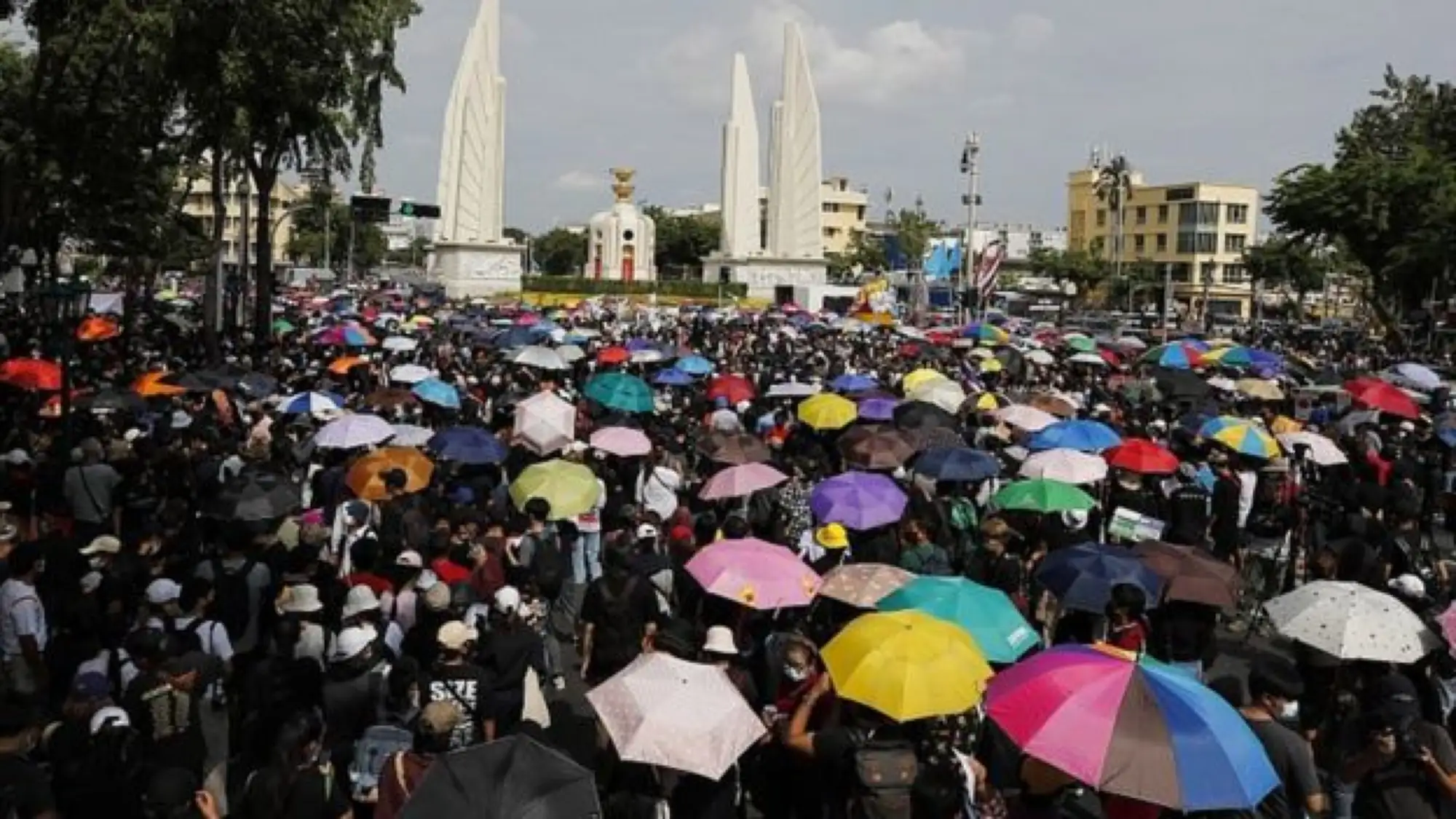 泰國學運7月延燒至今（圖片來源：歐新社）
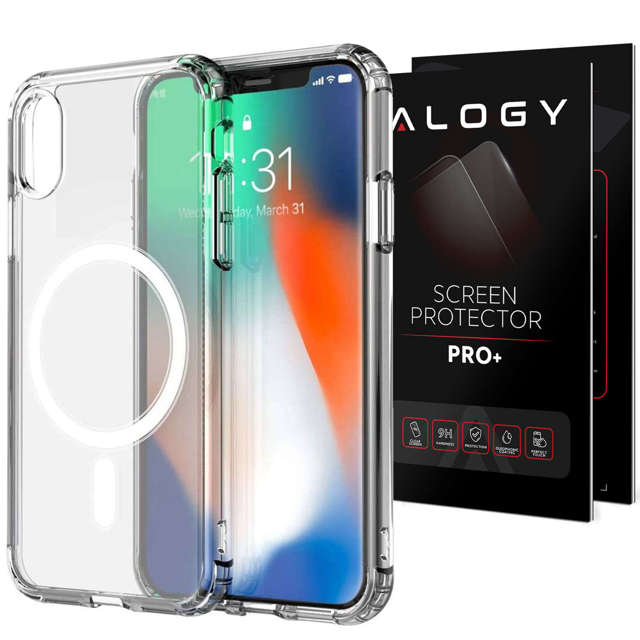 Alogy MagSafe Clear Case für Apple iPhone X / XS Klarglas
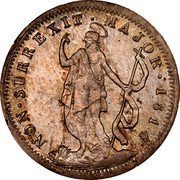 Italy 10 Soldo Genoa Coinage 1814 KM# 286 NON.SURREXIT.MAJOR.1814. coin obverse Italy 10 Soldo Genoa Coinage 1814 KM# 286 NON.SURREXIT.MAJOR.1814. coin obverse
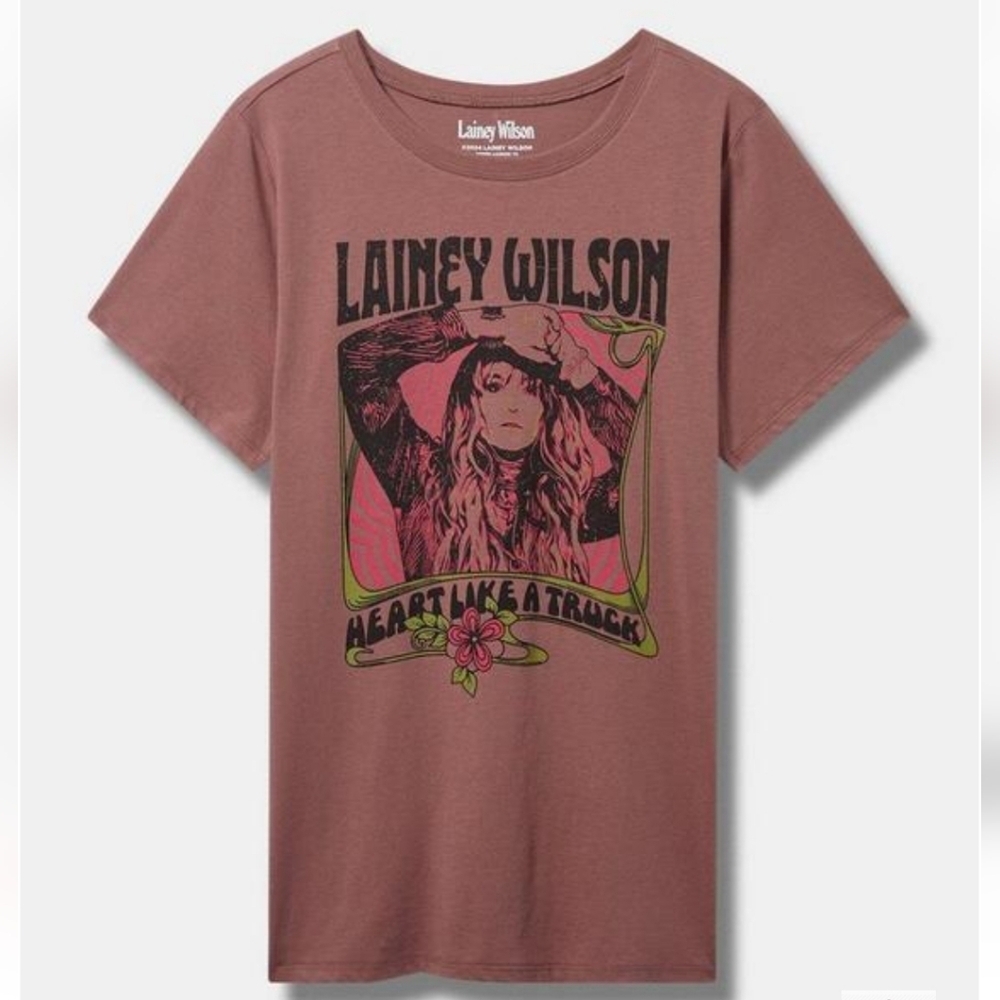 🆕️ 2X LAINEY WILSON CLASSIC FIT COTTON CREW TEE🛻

--

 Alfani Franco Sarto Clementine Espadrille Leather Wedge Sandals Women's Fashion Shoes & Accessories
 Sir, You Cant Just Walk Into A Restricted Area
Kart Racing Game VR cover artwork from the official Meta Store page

==

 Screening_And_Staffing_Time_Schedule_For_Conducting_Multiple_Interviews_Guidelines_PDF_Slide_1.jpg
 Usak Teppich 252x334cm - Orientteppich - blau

**Task requirements:**
Above are records; repeat only the lines from the line with "泰國學運7月延燒至今（圖片來源：歐新社）" through the line with "COTTON CREW TEE🛻", and leave pictures out.

**Task solution:**
 泰國學運7月延燒至今（圖片來源：歐新社）
 Alogy MagSafe Clear Case für Apple iPhone X / XS Klarglas
 Italy 10 Soldo Genoa Coinage 1814 KM# 286 NON.SURREXIT.MAJOR.1814. coin obverse Italy 10 Soldo Genoa Coinage 1814 KM# 286 NON.SURREXIT.MAJOR.1814. coin obverse
 🆕️ 2X LAINEY WILSON CLASSIC FIT COTTON CREW TEE🛻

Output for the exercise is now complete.